Затем на месте этого трактира купец Карзинкин выстроил новое предприятие – Большую Московскую гостиницу. И придумал потрясающий рекламный ход – установил в трактире при гостинице собственный стол, где на глазах у посетителей питался сам и угощал приятелей. Москвичи посмеивались:
– Лучший потребитель ресторана – сам хозяин.
Но при этом сами охотно ужинали и обедали в Большом Московском.
Публицист П. Вистенгоф писал: «Тут половые имеют какую-то особенную расторопность и услужливость; закуски к водке подают столько, что при безденежье можно, выпивши несколько рюмок, утолить голод одной закуской и быть, понимаете, так сказать, навеселе, не тратя много денег, притом с постоянных посетителей ничего не берется за табак».
Но, разумеется, не только это привлекало посетителей.
Здесь любили бывать Петр Ильич Чайковский и Антон Павлович Чехов.
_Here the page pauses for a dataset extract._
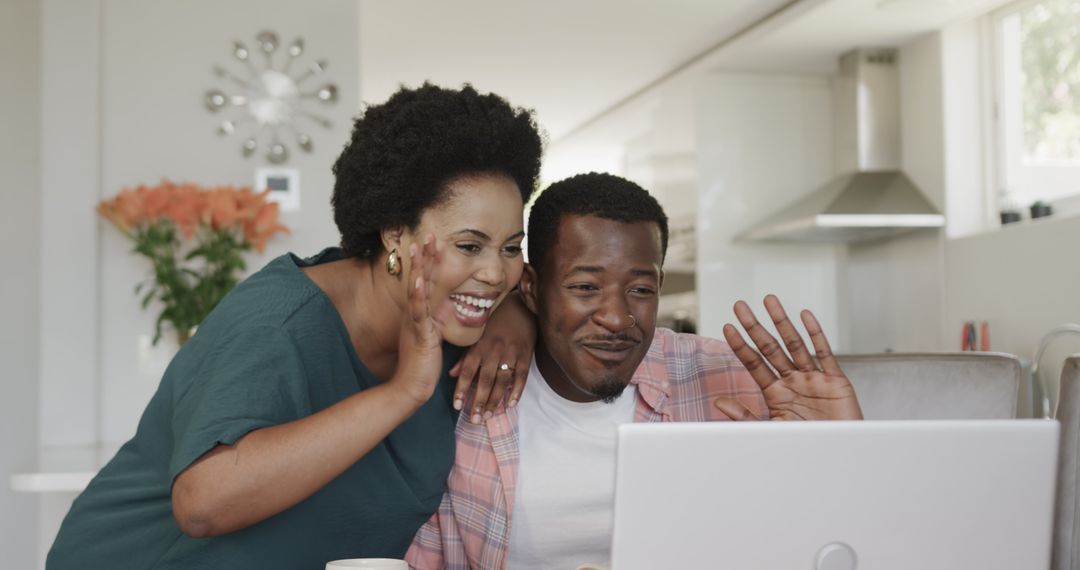 Happy Couple Enjoying Video Call on Laptop in Modern Home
Здесь играл шумную свадьбу Алексей Бахрушин – купец и основатель театрального музея. Здесь постоянным посетителям вручали стихотворные открытки с праздничными поздравлениями. Например, с такими:
С неделей Сырной поздравляем
Мы дорогих своих гостей
И от души им всем желаем
Попировать повеселей.
Теперь, забыв тоску, гуляет
Весь православный русский мир, —
С почтеньем публику встречает
Большой Московский наш трактир.
А как-то раз сюда вошел Шаляпин и, будучи в отличном настроении, с порога начал подпевать оркестру. Ясное дело, он своим невообразимым голосом сразу перекрыл тех, кто стоял на сцене, и, к удовольствию публики, повел сольную партию.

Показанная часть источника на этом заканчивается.